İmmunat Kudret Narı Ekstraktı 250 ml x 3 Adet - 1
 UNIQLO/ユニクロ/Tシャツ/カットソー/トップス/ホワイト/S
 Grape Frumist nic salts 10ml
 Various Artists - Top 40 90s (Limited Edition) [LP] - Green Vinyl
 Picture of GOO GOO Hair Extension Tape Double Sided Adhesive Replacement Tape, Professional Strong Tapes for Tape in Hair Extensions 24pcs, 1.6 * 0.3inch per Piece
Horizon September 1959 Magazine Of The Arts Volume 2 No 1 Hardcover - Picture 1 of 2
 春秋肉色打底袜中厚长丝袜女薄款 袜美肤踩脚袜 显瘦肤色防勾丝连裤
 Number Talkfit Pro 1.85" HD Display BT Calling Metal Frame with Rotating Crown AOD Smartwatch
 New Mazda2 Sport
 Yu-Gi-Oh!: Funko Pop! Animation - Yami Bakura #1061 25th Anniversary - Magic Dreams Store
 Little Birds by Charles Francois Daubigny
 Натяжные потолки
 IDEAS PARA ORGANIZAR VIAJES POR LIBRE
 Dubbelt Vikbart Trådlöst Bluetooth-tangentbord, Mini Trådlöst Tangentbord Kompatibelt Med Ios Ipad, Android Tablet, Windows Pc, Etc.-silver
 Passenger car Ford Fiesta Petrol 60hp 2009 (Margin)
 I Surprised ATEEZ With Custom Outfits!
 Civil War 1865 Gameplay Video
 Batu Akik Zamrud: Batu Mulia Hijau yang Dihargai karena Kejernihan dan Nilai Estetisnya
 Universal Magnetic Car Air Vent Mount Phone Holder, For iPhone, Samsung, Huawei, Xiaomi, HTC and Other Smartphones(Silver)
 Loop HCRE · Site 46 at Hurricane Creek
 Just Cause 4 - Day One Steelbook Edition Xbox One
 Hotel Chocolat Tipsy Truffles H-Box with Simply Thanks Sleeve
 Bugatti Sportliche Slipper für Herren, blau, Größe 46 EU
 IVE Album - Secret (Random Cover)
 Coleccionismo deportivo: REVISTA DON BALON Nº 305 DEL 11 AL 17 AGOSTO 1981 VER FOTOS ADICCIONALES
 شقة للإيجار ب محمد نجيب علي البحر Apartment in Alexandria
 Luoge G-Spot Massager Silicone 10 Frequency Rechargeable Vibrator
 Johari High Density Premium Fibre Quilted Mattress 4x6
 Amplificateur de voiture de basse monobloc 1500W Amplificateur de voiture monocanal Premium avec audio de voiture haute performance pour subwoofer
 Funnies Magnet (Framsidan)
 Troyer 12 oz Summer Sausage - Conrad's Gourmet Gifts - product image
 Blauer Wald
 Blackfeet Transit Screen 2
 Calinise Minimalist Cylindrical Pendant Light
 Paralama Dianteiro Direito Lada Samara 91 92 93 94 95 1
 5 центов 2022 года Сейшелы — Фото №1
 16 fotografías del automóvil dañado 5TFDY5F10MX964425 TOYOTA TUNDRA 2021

### WHAT YOU WILL DO
Using the records above, please retype only the run of lines from the line holding "شقة للإيجار ب" through the last line, both ends included.

### EXERCISE RESPONSE
 شقة للإيجار ب محمد نجيب علي البحر Apartment in Alexandria
 Luoge G-Spot Massager Silicone 10 Frequency Rechargeable Vibrator
 Johari High Density Premium Fibre Quilted Mattress 4x6
 Amplificateur de voiture de basse monobloc 1500W Amplificateur de voiture monocanal Premium avec audio de voiture haute performance pour subwoofer
 Funnies Magnet (Framsidan)
 Troyer 12 oz Summer Sausage - Conrad's Gourmet Gifts - product image
 Blauer Wald
 Blackfeet Transit Screen 2
 Calinise Minimalist Cylindrical Pendant Light
 Paralama Dianteiro Direito Lada Samara 91 92 93 94 95 1
 5 центов 2022 года Сейшелы — Фото №1
 16 fotografías del automóvil dañado 5TFDY5F10MX964425 TOYOTA TUNDRA 2021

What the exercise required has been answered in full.